> **Prompt**: Without any of their pictures, return all of the records exactly.

> **Records for the task**:
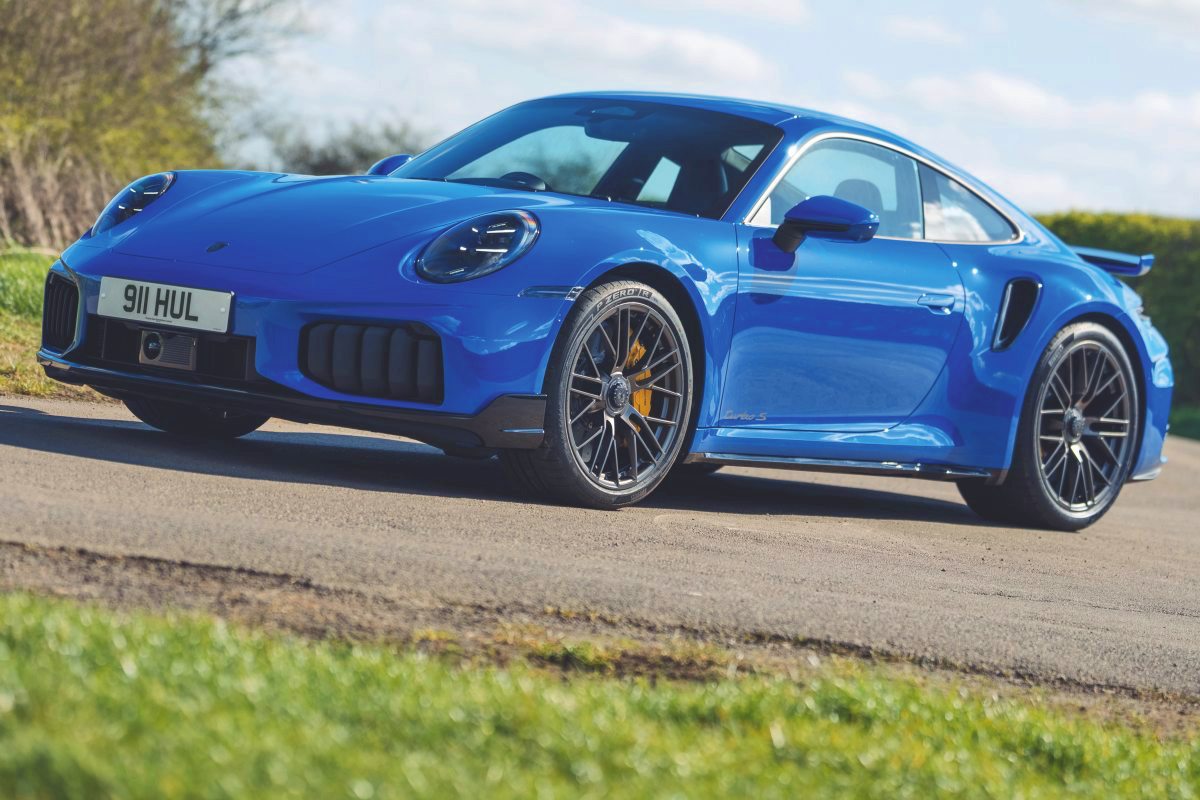 ポルシェ911 ターボS(992.2型/英国仕様)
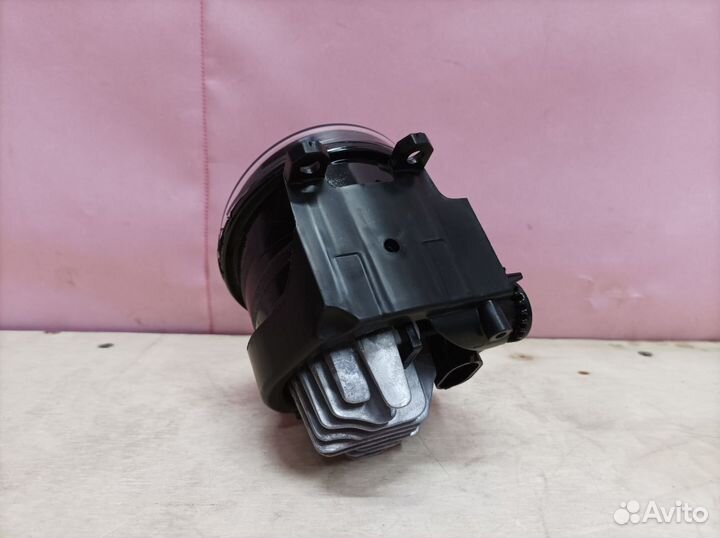 Фара птф Toyota Camry 8 хв70 2017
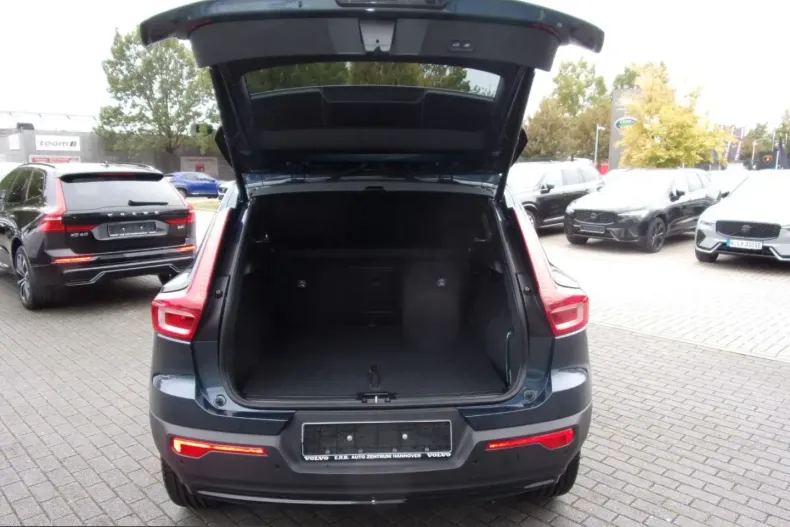 Volvo XC40 din 2025 cu 11.800 km - oferta VOL253756 - foto 7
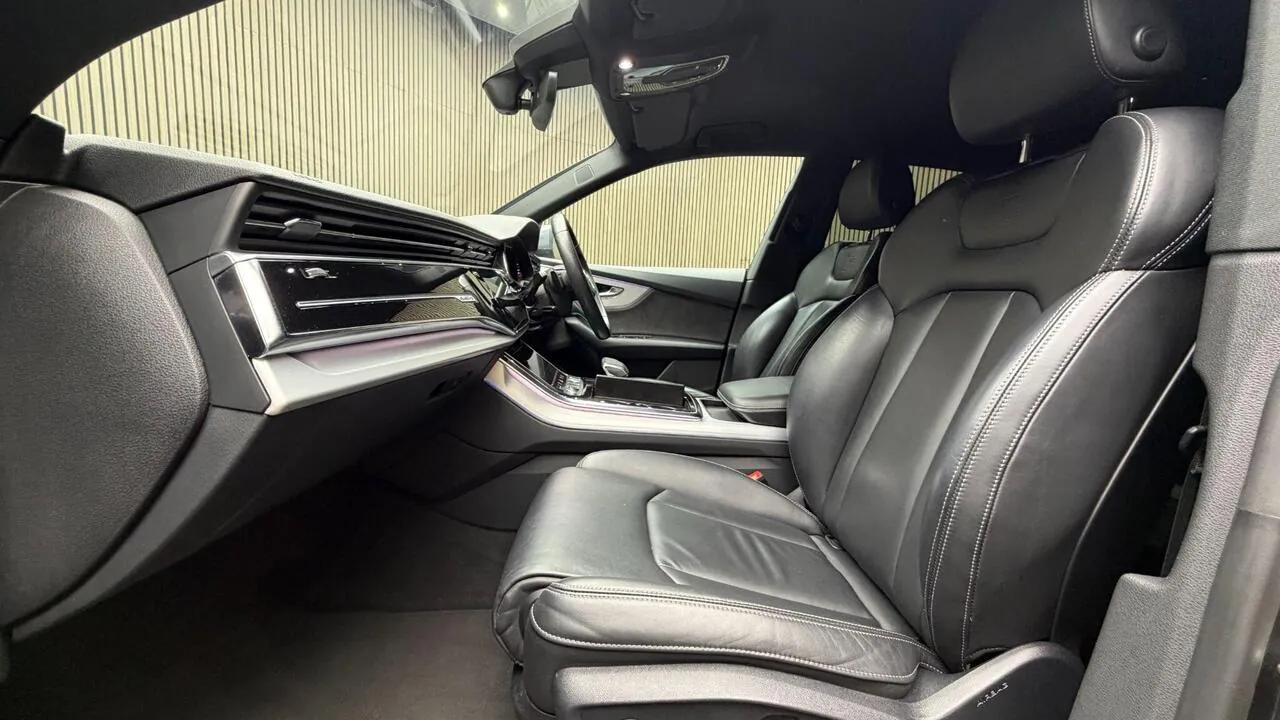Audi Q8 2020 photo 3
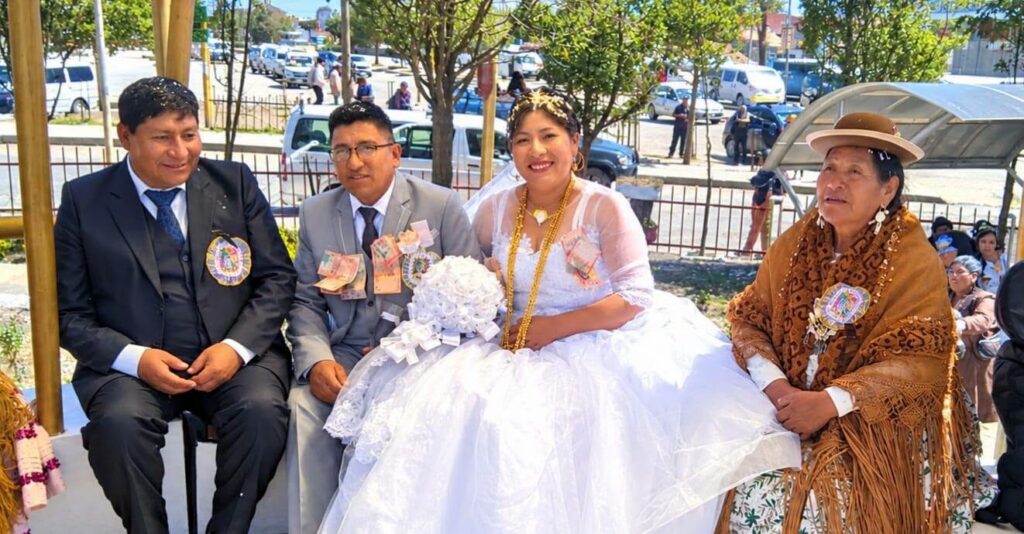 La Plaza de los Novios en El Alto: Un destino renovado para los recién casados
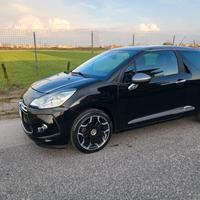 Ds DS3 3 1.2 VTi 82 Just Black full optional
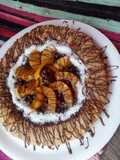 Tarta de durazno con bordes de chocolates.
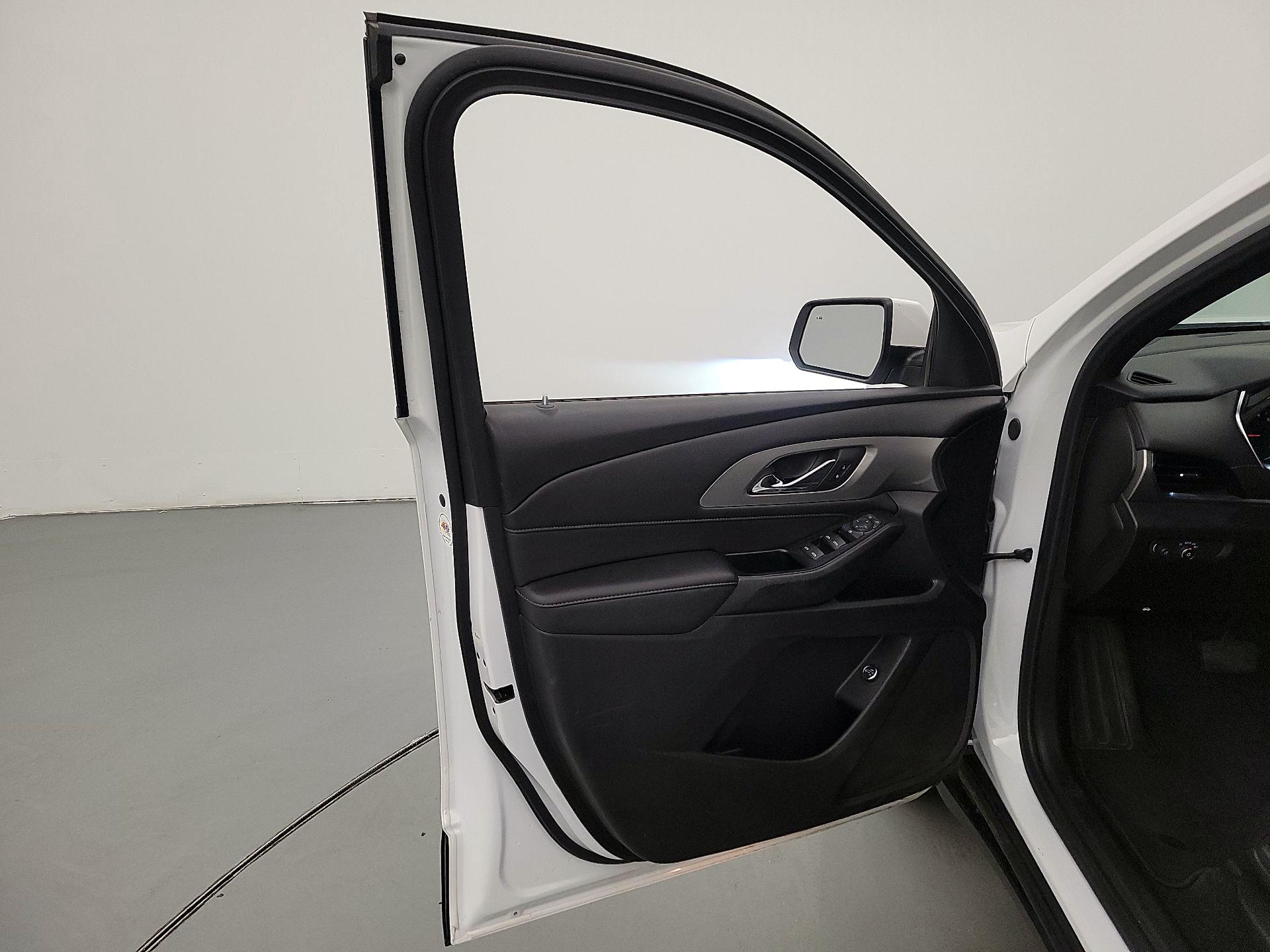 Thumbnail: 2022 Chevrolet Traverse - 12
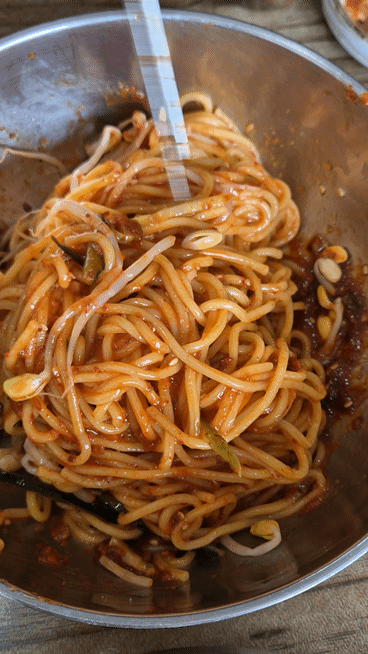 효퇴국수 비빔국수 비비는 장면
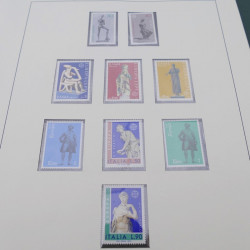 Collection timbres d'Europa 1956-1977 complet en 2 albums Safe.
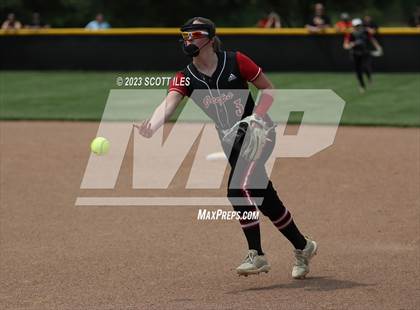 Thumbnail 3 in South Webster vs Portsmouth West (OHSAA D3 Regional Semifinal) photogallery.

> **Result for this task**:
 ポルシェ911 ターボS(992.2型/英国仕様)
 Фара птф Toyota Camry 8 хв70 2017
 Volvo XC40 din 2025 cu 11.800 km - oferta VOL253756 - foto 7
Audi Q8 2020 photo 3
 La Plaza de los Novios en El Alto: Un destino renovado para los recién casados
 Ds DS3 3 1.2 VTi 82 Just Black full optional
 Tarta de durazno con bordes de chocolates.
 Thumbnail: 2022 Chevrolet Traverse - 12
 효퇴국수 비빔국수 비비는 장면
 Collection timbres d'Europa 1956-1977 complet en 2 albums Safe.
 Thumbnail 3 in South Webster vs Portsmouth West (OHSAA D3 Regional Semifinal) photogallery.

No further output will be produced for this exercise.